Every country has different systems for what are essentially the same problem - even across the European Union there are many countries where the (often enormous) public sector is completely unfunded which makes it difficult when we hit the rocks!

Thanks for the explanation!

Admin JH said...

I have both. I generally think Roth IRA's make the most sense since I expect to be in a higher tax bracket later in life, and tax rates usually go up. Therefore I will probably pay more tax on the money later. I have a regular IRA because of an old 401k that I rolled over. I plan on changing it to a Roth and paying the taxes on it, but need to do so slowly so I can afford all the taxes!

SB @ FPR said...

Great to see you joining Roth IRA movement

Kari@ Small Budget Big Dreams said...

I don't have a Roth yet, but plan to start one as soon as we get all our of "one time" house buying expenses out of the way and get settled into our mortgage payments.

Shortroadto said...

The only concern I have is 3 decades from now, when the social security fund is dry, the government changes the law and taxes the Roths. It is a long shot but it can happen. Here is a post I did for the Roth IRA movement.
http://shortroadtoretirement.com/2012/03/the-roth-ira-movement.html

Kurt @ Money Counselor said...

Roth vs. Traditional is partly a philosophical question. I kinda like getting my tax benefit now--the traditional IRA--on the 'bird in the hand' theory. But I surely understand the mathematics probably supports the Roth for most people. If only I trusted the government more... :-)

CultOfMoney said...

In general, I'm a fan of fully funding your traditional IRA first, because given the same amount of starting dollars, the traditional gets you a larger amount in time because the amount paid in taxes with a roth is getting the benefits of compounding in a traditional IRA.

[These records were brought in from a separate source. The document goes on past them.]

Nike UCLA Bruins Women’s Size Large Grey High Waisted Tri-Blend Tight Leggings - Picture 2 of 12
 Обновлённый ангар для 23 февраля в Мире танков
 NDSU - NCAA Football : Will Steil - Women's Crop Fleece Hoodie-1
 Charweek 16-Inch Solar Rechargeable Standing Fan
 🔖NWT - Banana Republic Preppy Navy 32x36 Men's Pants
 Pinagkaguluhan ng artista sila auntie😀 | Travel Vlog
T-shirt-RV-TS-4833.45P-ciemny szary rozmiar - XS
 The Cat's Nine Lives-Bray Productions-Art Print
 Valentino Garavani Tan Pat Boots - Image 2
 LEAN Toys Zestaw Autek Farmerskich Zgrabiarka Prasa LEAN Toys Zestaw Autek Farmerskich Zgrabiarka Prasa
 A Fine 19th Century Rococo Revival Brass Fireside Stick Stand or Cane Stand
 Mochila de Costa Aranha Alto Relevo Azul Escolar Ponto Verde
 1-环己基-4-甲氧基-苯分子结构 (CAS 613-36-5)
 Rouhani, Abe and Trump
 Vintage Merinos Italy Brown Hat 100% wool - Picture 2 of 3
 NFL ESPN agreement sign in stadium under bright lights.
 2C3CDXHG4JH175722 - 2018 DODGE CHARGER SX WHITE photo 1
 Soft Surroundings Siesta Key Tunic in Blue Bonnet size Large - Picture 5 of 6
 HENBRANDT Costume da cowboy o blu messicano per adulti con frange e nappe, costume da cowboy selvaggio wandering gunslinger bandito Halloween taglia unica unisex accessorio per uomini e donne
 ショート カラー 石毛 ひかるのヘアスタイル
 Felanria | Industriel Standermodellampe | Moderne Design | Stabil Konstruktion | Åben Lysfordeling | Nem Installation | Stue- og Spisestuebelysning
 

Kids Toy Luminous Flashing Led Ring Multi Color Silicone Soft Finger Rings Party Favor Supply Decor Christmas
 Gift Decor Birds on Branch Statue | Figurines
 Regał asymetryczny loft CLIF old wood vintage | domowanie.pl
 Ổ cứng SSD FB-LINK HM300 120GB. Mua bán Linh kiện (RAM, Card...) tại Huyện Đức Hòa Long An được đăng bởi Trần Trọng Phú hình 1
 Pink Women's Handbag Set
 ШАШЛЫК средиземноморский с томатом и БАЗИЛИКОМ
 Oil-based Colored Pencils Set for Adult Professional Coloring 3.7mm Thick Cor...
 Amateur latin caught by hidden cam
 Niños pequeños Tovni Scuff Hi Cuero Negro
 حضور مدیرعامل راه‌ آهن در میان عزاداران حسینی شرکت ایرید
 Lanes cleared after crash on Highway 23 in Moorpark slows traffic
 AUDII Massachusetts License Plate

BrilliantFinances.com said...

Correction, you said regarding the traditional IRA "When you reach retirement age and begin to withdraw your money, you must pay taxes on what you initially put in (but not the growth)" that’s not actually accurate. For a traditional IRA you are taxed on withdrawals for what you put in (contributions) and the earnings (growth) , but if you made non-deductible contributions you will be taxed on the earnings but not on the contributions.
Sorry I don’t usually go around making corrections to blogs, but this could make people make a very bad decision if they are trying to choose which IRA is best for them.